» **RECORDED DATA**:
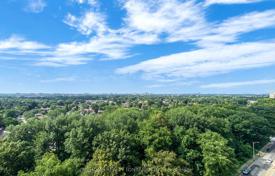 6 odalılar daire Scarborough'da, Kanada. C$784,000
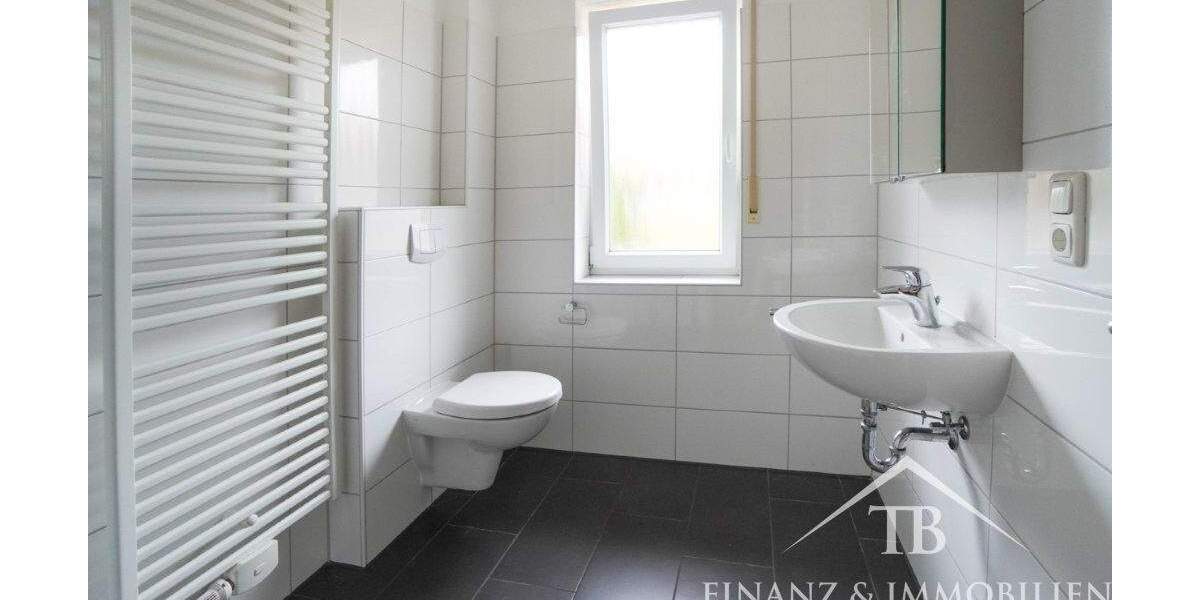 Doppelhaushälfte Hage - 3 Zimmer, 71 m&sup2;, 269.000&euro; | Angebot:25736887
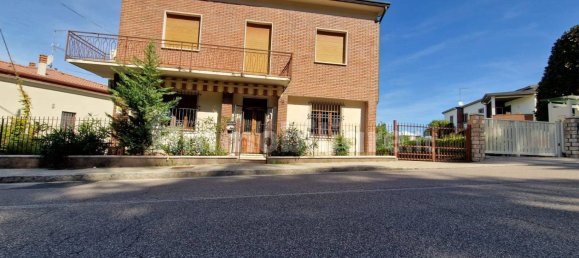 3 bedrooms Villa in Caldiero, Italy No. 370380 6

» **THE TASK**: The data is to be printed again exactly, but without its pictures.

» **PROBLEM SOLUTION**:
 6 odalılar daire Scarborough'da, Kanada. C$784,000
 Doppelhaushälfte Hage - 3 Zimmer, 71 m&sup2;, 269.000&euro; | Angebot:25736887
 3 bedrooms Villa in Caldiero, Italy No. 370380 6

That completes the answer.